Ever wondered what the value of something in your possession may be worth? Perhaps, you have always wondered if your boss struck a once-in-a-lifetime bargain by hiring you? This time, we focus our attention on one important quality of financial success: The ability to evaluate the real value of things.
Good knowledge of what something is worth enables us to make informed decisions in our daily and professional lives. Imagine finding yourself in a negotiation room and you have a very limited idea of what the value of an asset, business, or interest is. You’ll always be at a disadvantage and likely to come out of such negotiation with feelings of regret. Likewise, as you progress in your regular career, you’re going to have to sit down with your employer and negotiate your work benefits. Is your quote going to be about the value you place on yourself or whatever is trending that comes to mind?
Perhaps, you want to sell an item in the garage and would like to know the value to place on it. Or there’s a new shining product in the market and you wonder if it’s worth the money.

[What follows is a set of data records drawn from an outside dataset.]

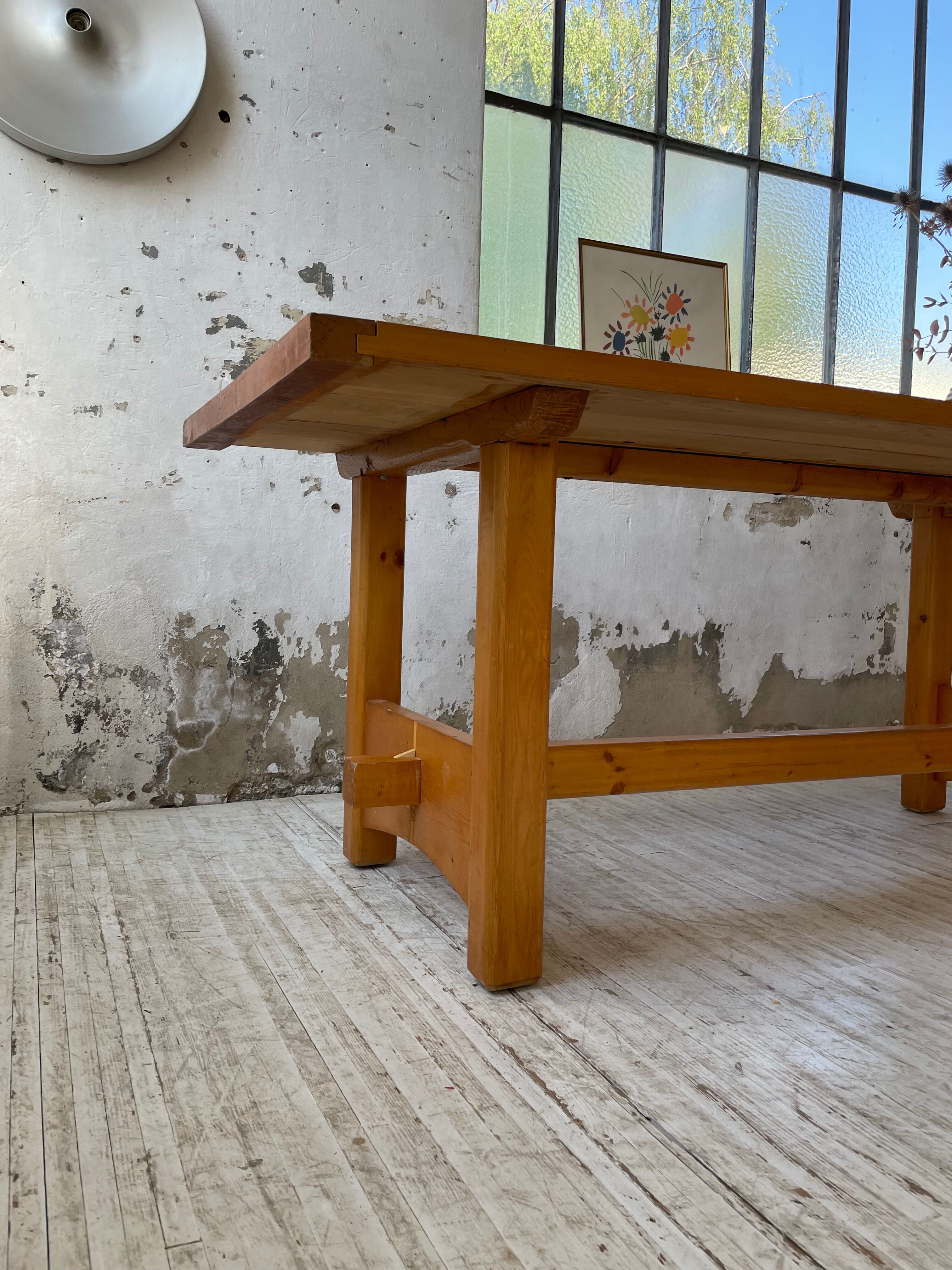 Mountain furniture table in pine 2m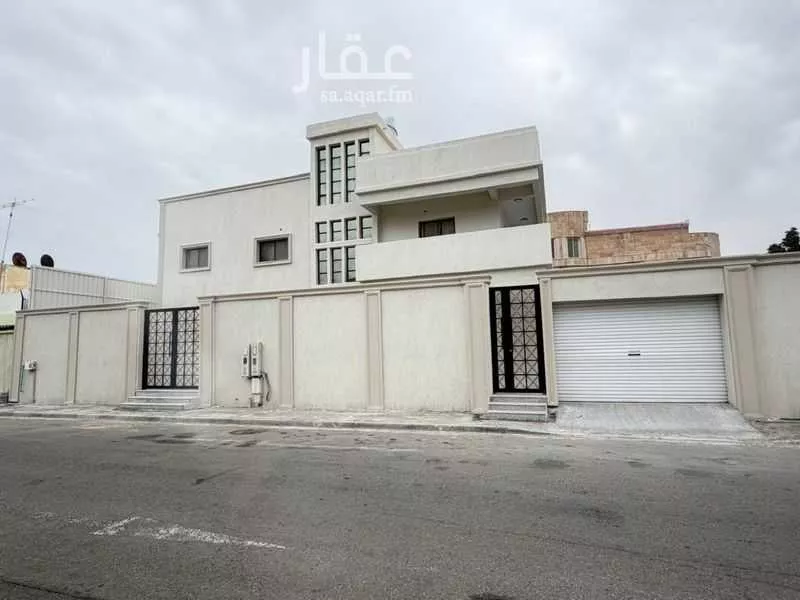 10 bedroom villa in Al Aqrabiyah 4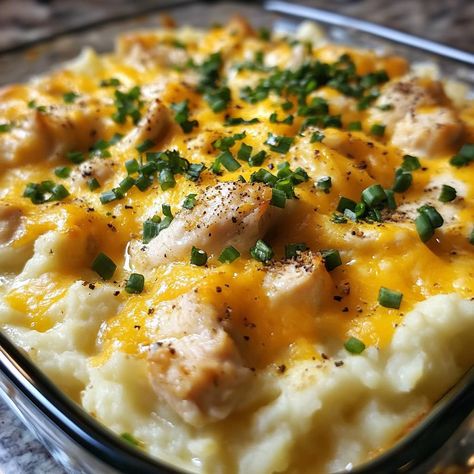 Cheesy Chicken and Mashed Potato Casserole Introduction Cheesy Chicken and Mashed Potato Casserole is a warm, hearty dish that makes Mashed Potato And Chicken Recipes, Chicken Mashed Potatoes Meals, Chicken Mashed Potato Casserole, Easy Chicken Bowl Recipes, Chicken And Potatoes Recipes Baked, Chicken And Mashed Potatoes Recipes, Mashed Potatoes And Chicken, Chicken And Mashed Potatoes, Chicken And Potato Casserole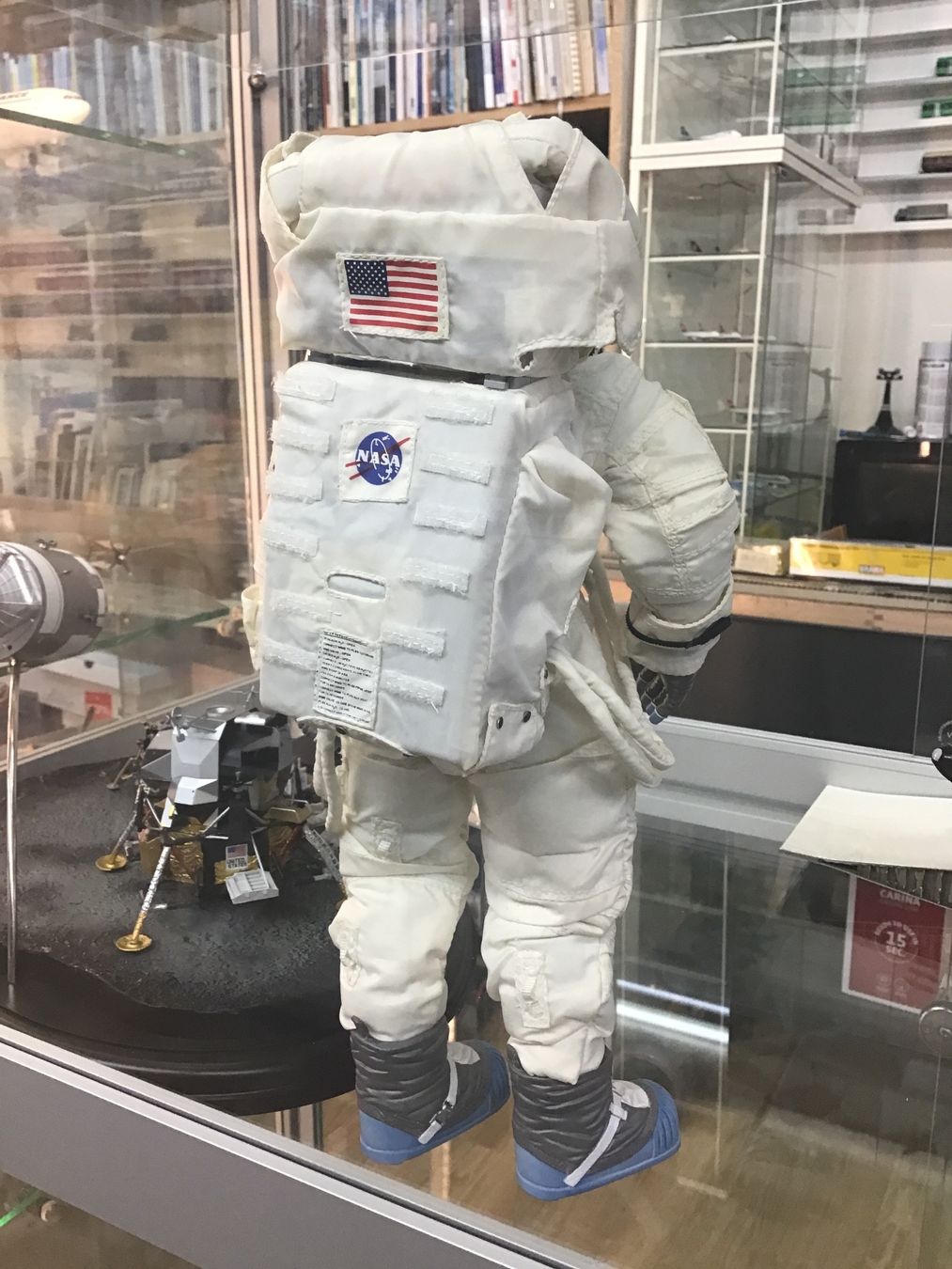 Kit di modellismo & Modellini statici: APOLLO PROGRAMM AUSTRONAUT 1:6 – Nuovo (secondo la descrizione) da Männedorf venduto da Modell-Spezialisten 2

Factors That Determine Value
The quality of a product is a significant factor that affects the value of something. A product made with a better quality of materials and by a more experienced and skilled craftsman will possess more value compared to a similar product with lower quality materials and craftsmanship. However, the forces of demand and supply are still responsible for determining the monetary amount.
The popularity of a product or service doesn’t affect the real value as you would have expected. A product can be popular not because it is a good investment or has any resale value, but because people want it due to its sentimental value to them.
However, there are also numerous occasions when a trending commodity keeps getting more expensive because more people are investing in it. Some people will be lucky and smart enough to cash out at the right time while the value is still high. Others, especially those who invested in the later stages, may lose money as the popularity begins to dwindle and few people are investing.
The more competitive a market or business is, the lower the price the sellers will be willing to sell. This is mostly true if the items are of similar value. However, that’s not always the case as values can be very subjective. Consumers should be aware that products that are priced lower may be of lesser value than those with a higher price tag.
If there’s a monopoly on a product, people tend to attach more value to it. Here, the seller can very much decide to sell at whatever price they feel convenient. This scenario reinforces the belief that market prices don’t tell the true story of an item’s value.
This one turns market logic on its head. The least priced item on the market today may be the most priced tomorrow due to scarcity. This sudden change in price usually has nothing to do with value or quality. It can be the same product made by the same manufacturer using the same materials.
Some artworks and rare gems collectors pay incredible amounts just to own such pieces. Here, the value of such items is tied to their rarity. Most of these persons are normally not interested in selling such items in the future. Yet, their value is only going to keep increasing as it becomes more difficult to find them anywhere as the years go by.
Cost of Production
Cost of production is the single most significant determinant a manufacturer is going to base the price of a product on. However, the final buyer doesn’t only have to cover the manufacturer’s cost to produce, but also the cost to get the product to the doorstep of the consumer. Hence, it’s possible and highly common to find that a product is being sold at different prices in two different stores. This is because each retailer may incur largely different expenses getting the item from the manufacturer’s warehouse to their shelves.
All the above factors are good and useful indicators to use to determine what value you place on an item. Some of these factors may make more sense to you and hence, carry more weight when basing your decisions. What’s most important to anyone varies from an individual to another. Hence, value is subjective and only you can truly determine what an item’s true value to you.